Caption-style text data:
··········
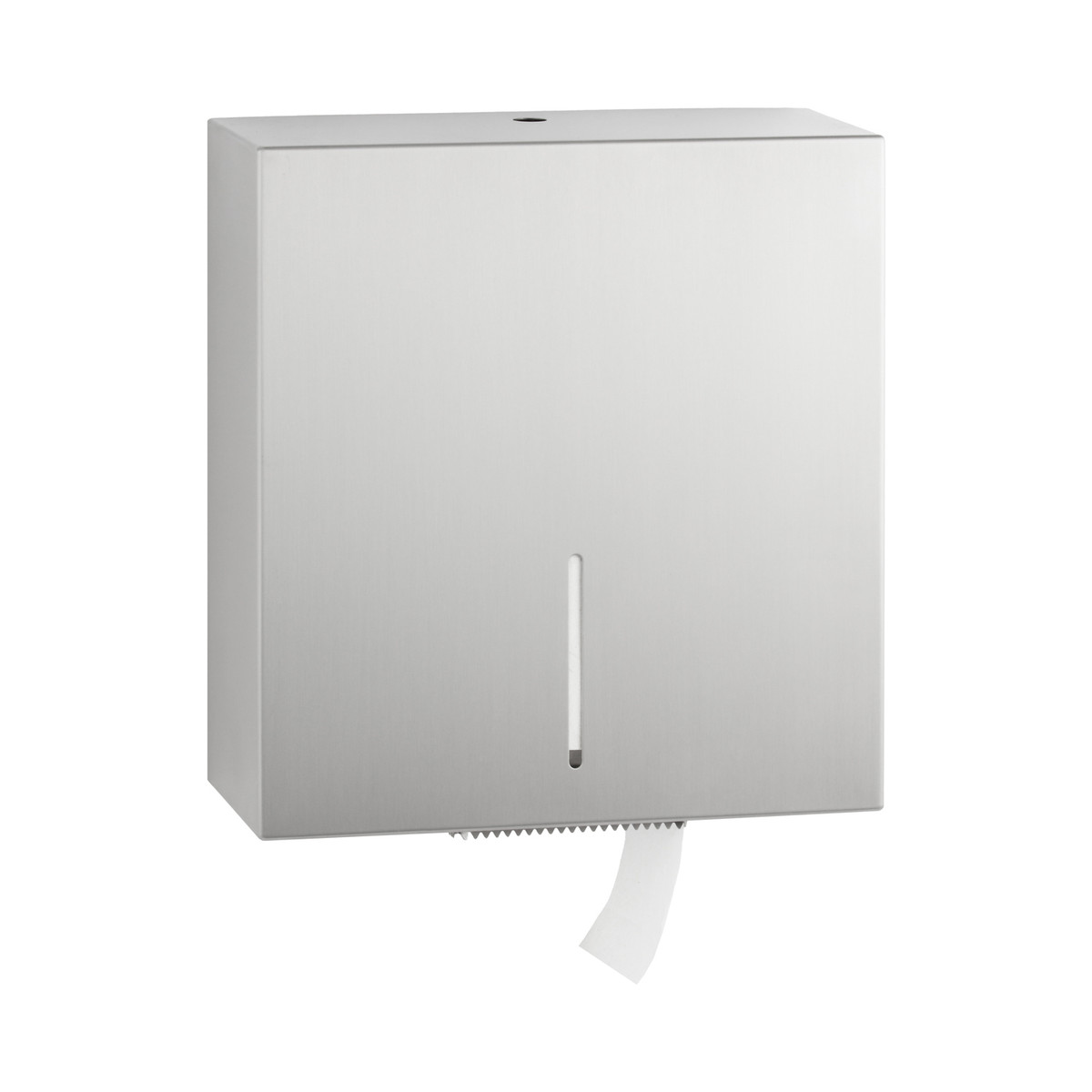 Bobrick Surface-Mounted Jumbo Toilet Roll Holder, Fino Collection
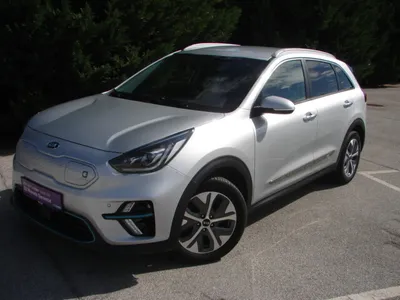 KIA e-Niro Niro EV 64kWh long Range Gold Aut.
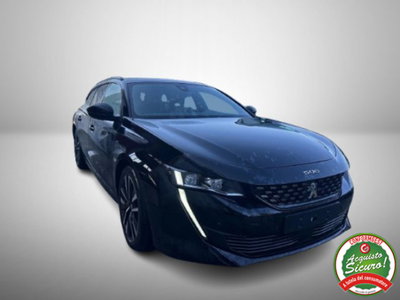 Peugeot 508 SW BlueHDi 130 Stop&Start EAT8 GT Pack usata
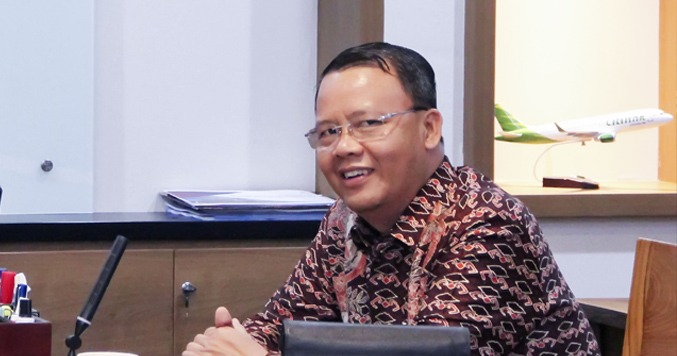 Rohidin Mersyah.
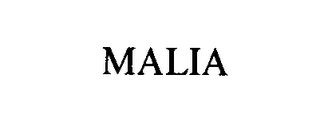 MALIA logo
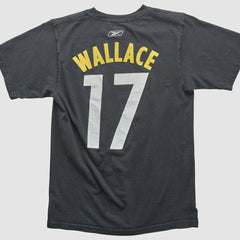 Pittsburgh Steelers Reebok 2000s T-shirt - Black T-shirts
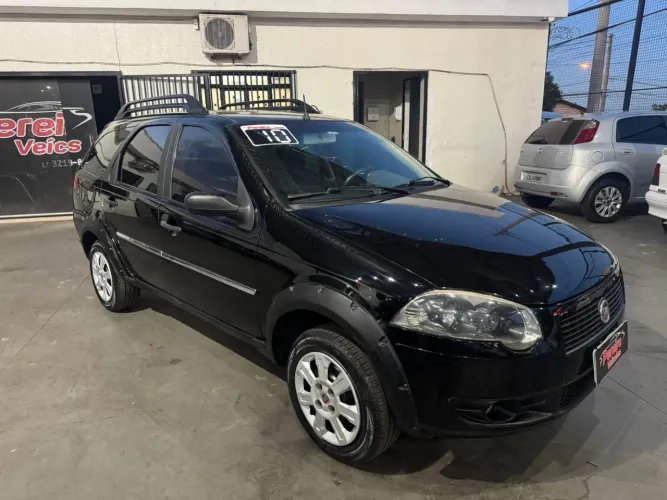 Fiat Palio Weekend Trekking 1.4 Fire Flex 8V 2010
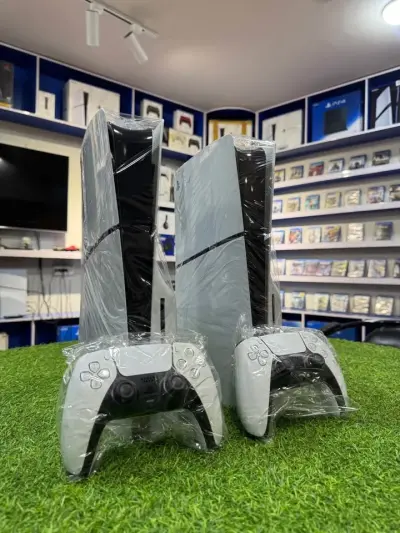 PS5 SLIM (JAILBREAK) For Sale in Gulistan-e-Jauhar, Karachi - photo 3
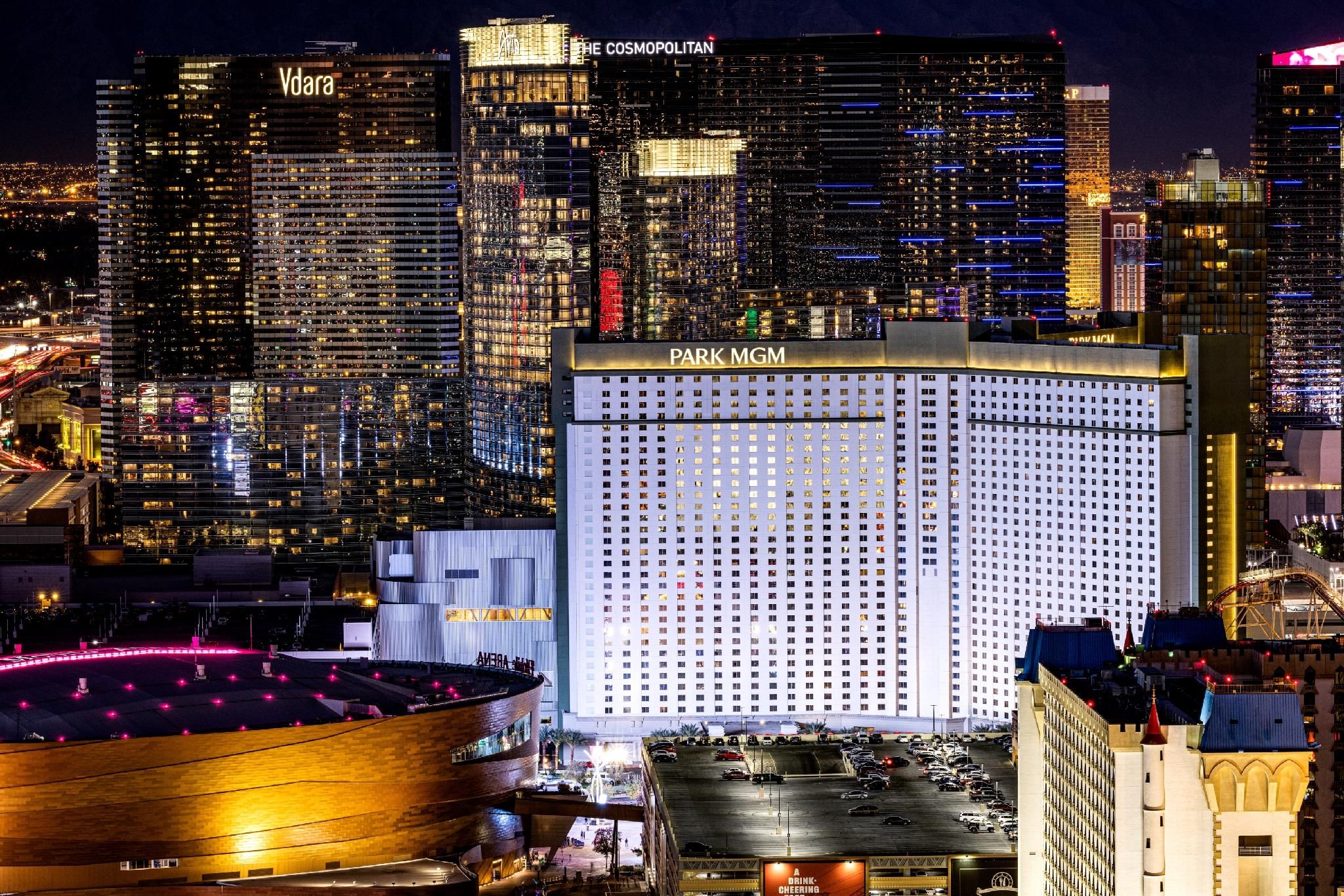 undefined Park MGM Las Vegas 8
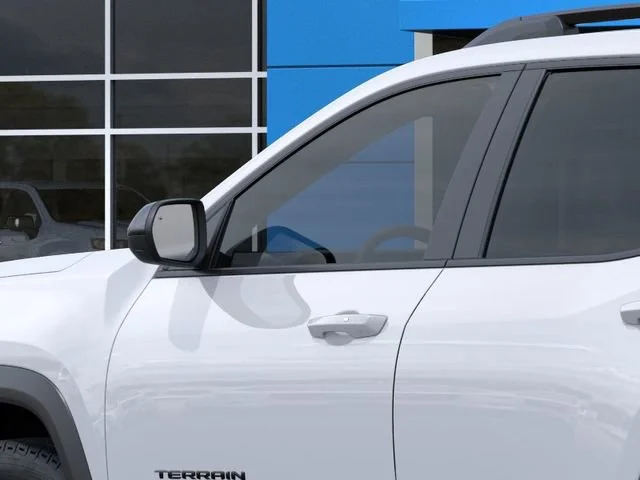 New 2026 Summit White GMC Elevation image 12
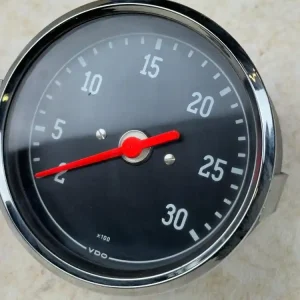 Dostępne od ręki NOWY Obrotomierz VDO nr 993 460 028, skala do 3000 obrotów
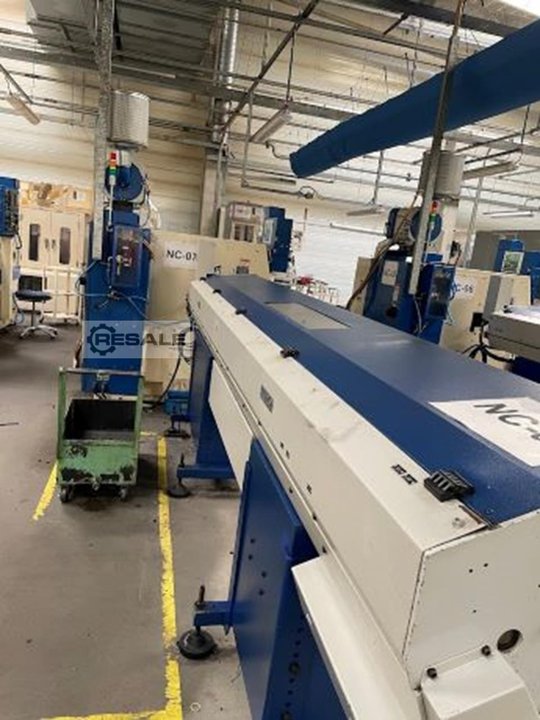 CNC Drehmaschinen TSUGAMI MB35E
··········
### PROBLEM DETAILS:
Please output all of the data exactly as given, omitting any images it holds.

### OUTPUT FOR THIS EXERCISE:
 Bobrick Surface-Mounted Jumbo Toilet Roll Holder, Fino Collection
 KIA e-Niro Niro EV 64kWh long Range Gold Aut.
 Peugeot 508 SW BlueHDi 130 Stop&Start EAT8 GT Pack usata
 Rohidin Mersyah.
 MALIA logo
 Pittsburgh Steelers Reebok 2000s T-shirt - Black T-shirts
 Fiat Palio Weekend Trekking 1.4 Fire Flex 8V 2010
 PS5 SLIM (JAILBREAK) For Sale in Gulistan-e-Jauhar, Karachi - photo 3
 undefined Park MGM Las Vegas 8
 New 2026 Summit White GMC Elevation image 12
 Dostępne od ręki NOWY Obrotomierz VDO nr 993 460 028, skala do 3000 obrotów
 CNC Drehmaschinen TSUGAMI MB35E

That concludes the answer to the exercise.